Problem description
Exactly as they appear below, repeat the lines from the one with "Sage al fresco" through the one with "175 - A collection". Drop every picture.

+ + +

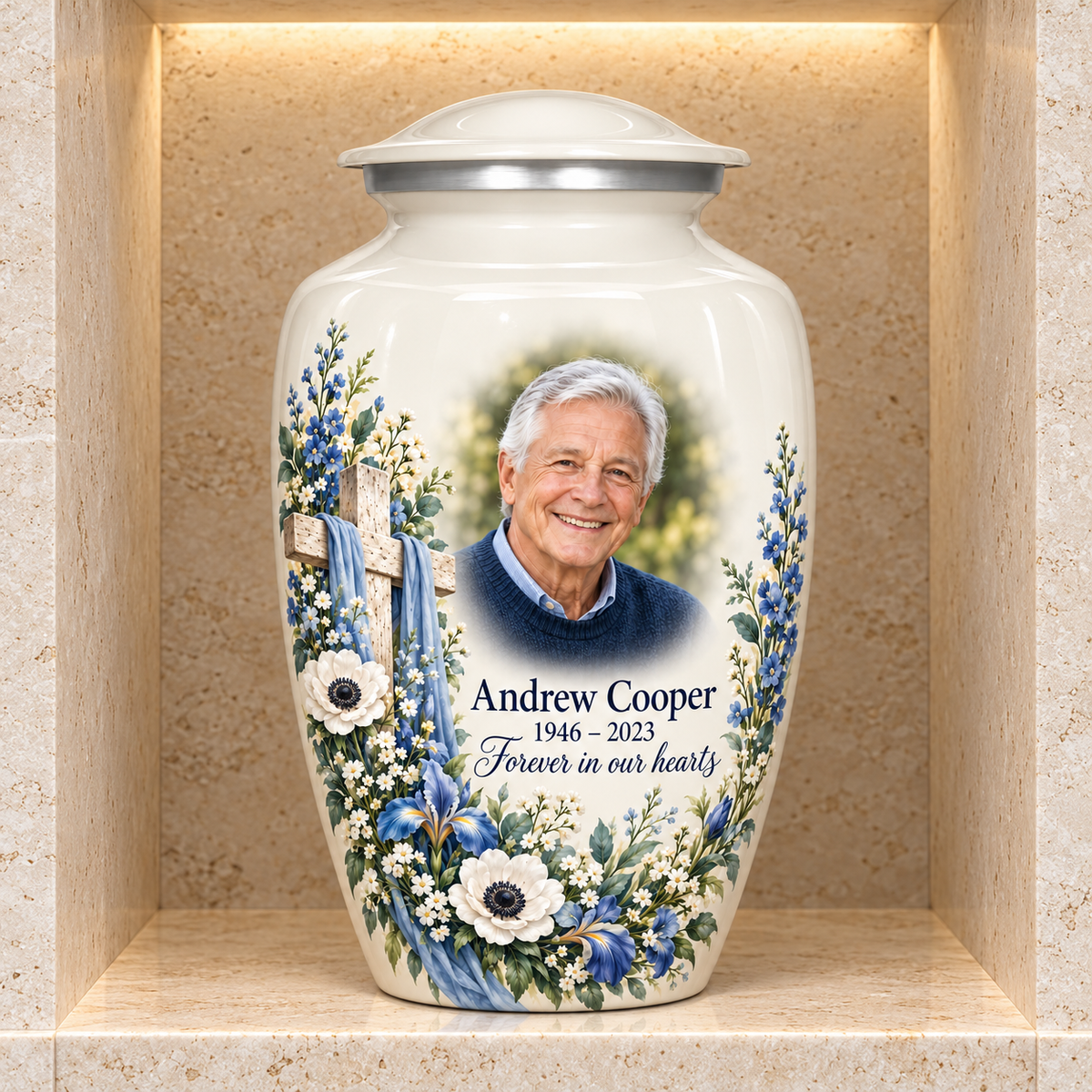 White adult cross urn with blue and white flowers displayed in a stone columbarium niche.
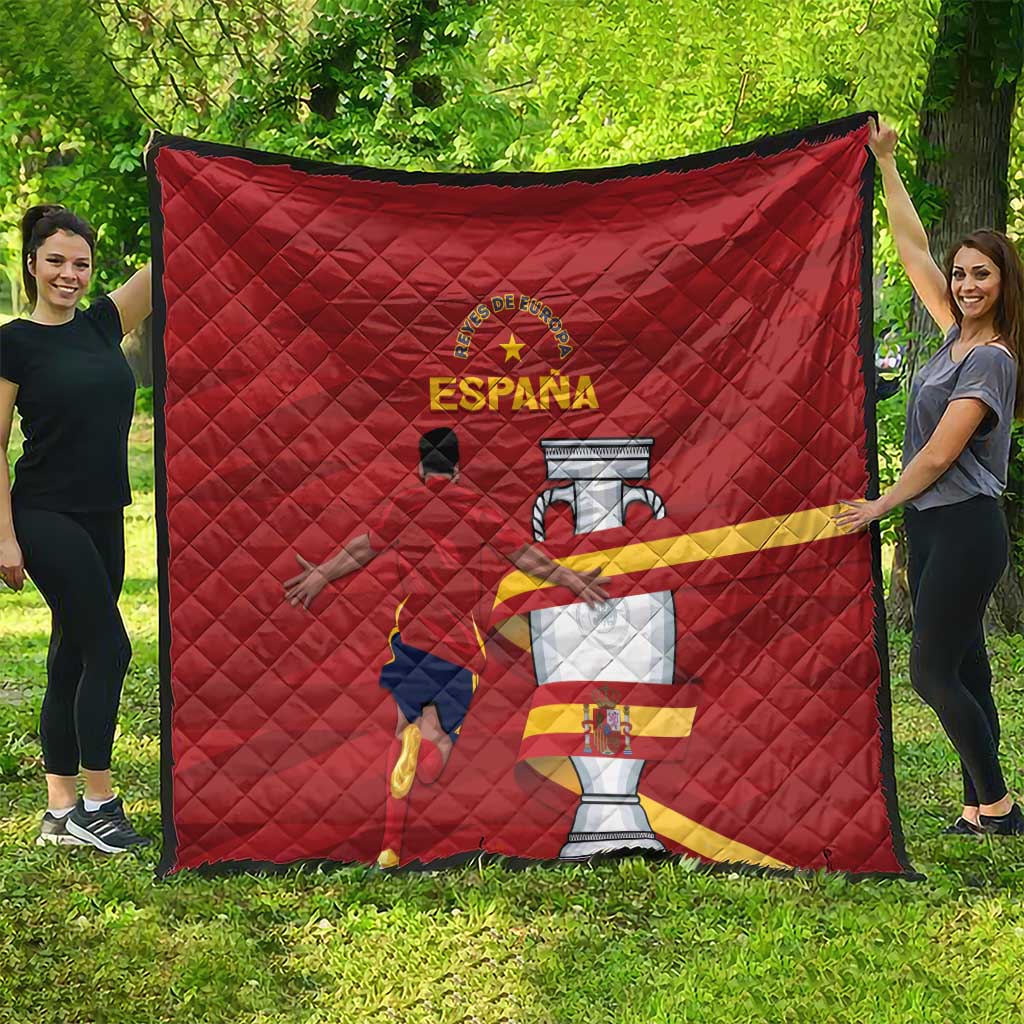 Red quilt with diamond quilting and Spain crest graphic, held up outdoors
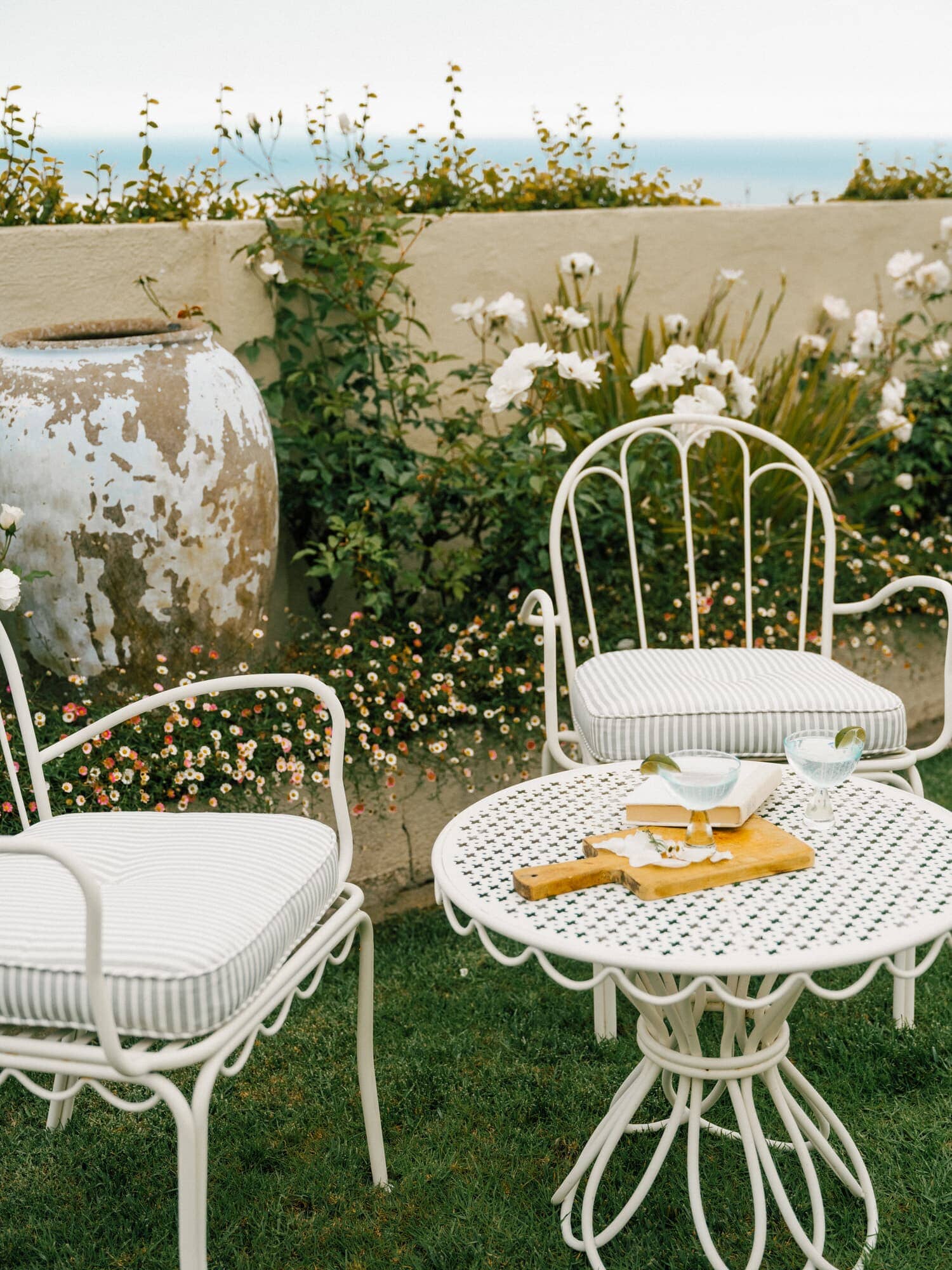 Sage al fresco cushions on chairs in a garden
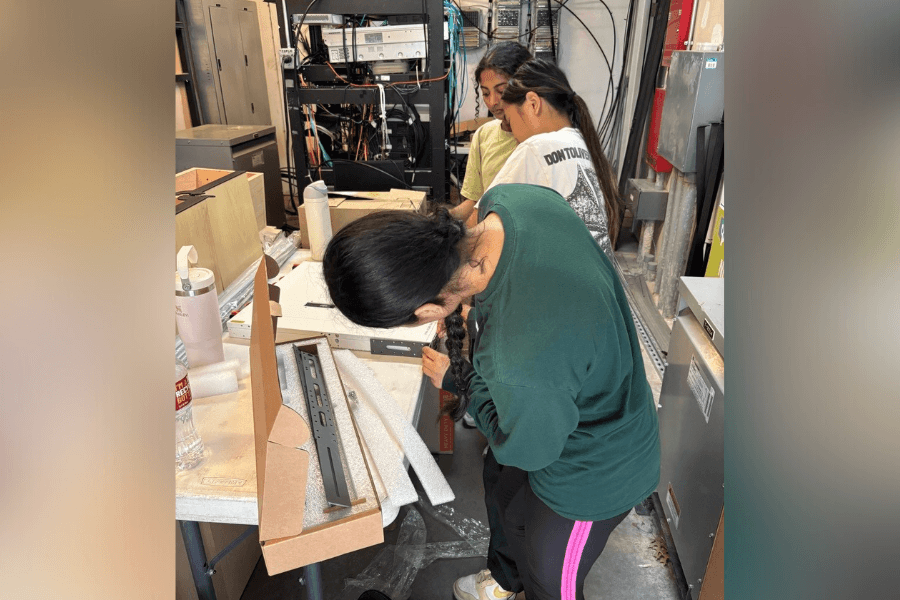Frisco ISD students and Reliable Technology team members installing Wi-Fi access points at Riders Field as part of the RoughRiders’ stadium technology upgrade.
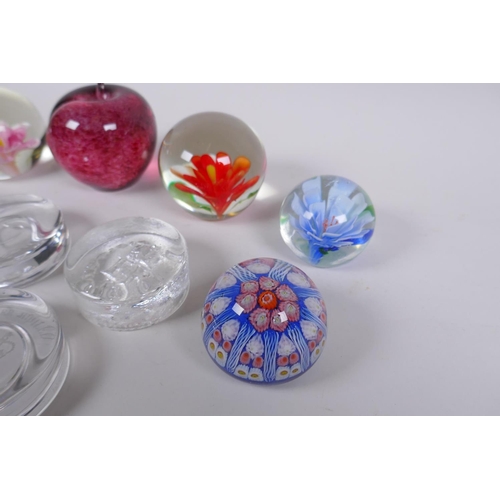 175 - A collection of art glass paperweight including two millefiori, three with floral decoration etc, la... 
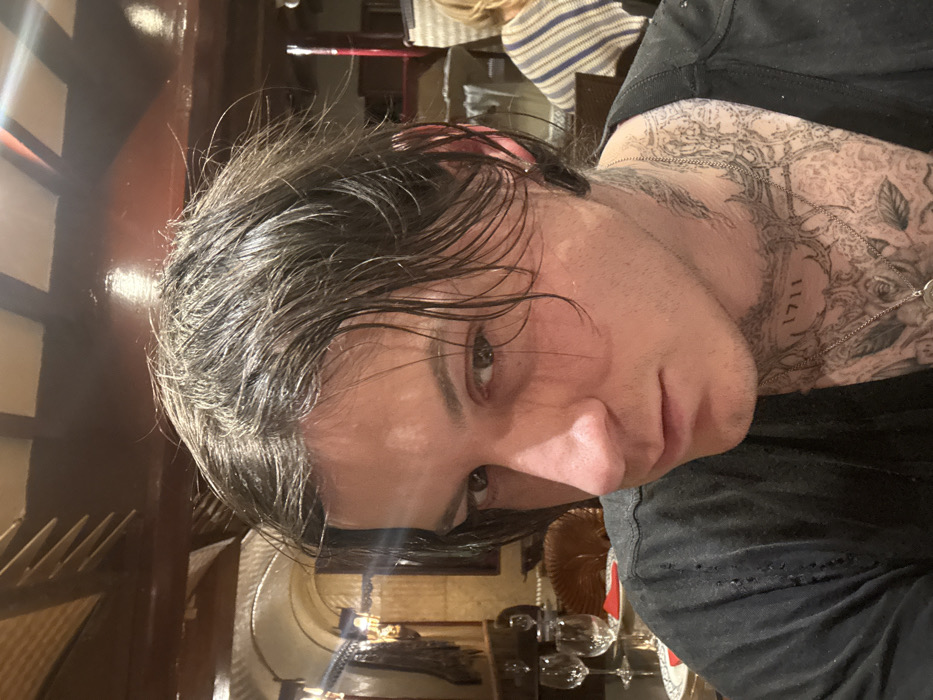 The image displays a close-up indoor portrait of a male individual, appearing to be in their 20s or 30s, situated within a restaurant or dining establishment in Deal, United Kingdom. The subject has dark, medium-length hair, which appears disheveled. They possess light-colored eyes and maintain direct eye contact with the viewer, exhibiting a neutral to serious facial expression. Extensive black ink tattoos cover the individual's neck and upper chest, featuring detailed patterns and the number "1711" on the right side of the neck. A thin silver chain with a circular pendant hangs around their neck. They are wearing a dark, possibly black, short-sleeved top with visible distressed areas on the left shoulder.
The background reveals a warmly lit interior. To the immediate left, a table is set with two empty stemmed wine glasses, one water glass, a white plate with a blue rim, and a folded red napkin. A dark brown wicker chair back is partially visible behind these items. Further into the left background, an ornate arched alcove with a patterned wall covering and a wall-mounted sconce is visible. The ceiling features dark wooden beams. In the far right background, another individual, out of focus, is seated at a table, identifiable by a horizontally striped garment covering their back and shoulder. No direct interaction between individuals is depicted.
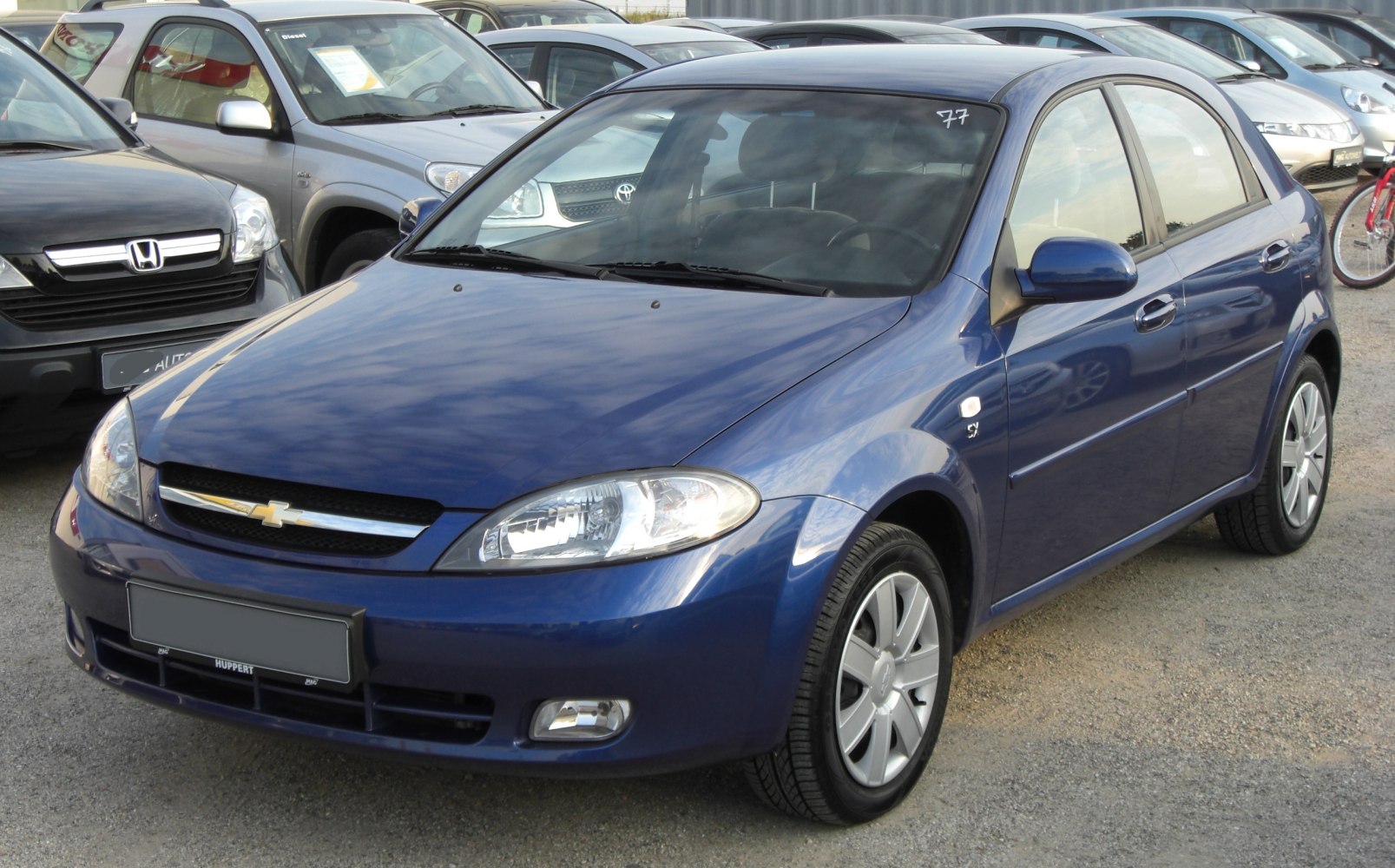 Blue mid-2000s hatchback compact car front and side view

+ + +

Solution
 Sage al fresco cushions on chairs in a garden
Frisco ISD students and Reliable Technology team members installing Wi-Fi access points at Riders Field as part of the RoughRiders’ stadium technology upgrade.
 175 - A collection of art glass paperweight including two millefiori, three with floral decoration etc, la... 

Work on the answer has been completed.